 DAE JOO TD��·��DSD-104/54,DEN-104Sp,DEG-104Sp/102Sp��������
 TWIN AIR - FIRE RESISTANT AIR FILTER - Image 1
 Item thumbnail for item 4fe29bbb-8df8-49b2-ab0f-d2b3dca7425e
========
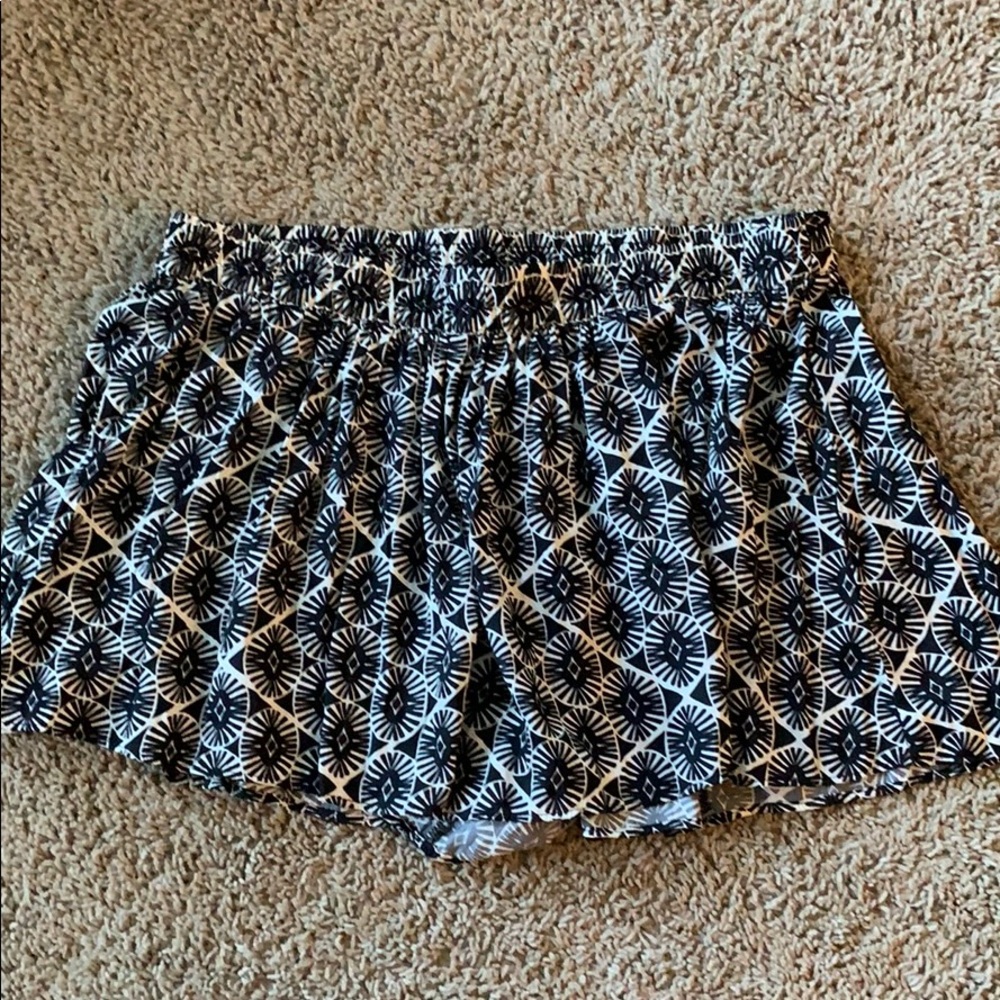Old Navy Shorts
========
- _Directions for this task_:
Within the material above, copy exactly the lines from the line that holds "TWIN AIR - FIRE" up to and including the line that holds "Item thumbnail for".

- _Solution to the problem_:
 TWIN AIR - FIRE RESISTANT AIR FILTER - Image 1
 Item thumbnail for item 4fe29bbb-8df8-49b2-ab0f-d2b3dca7425e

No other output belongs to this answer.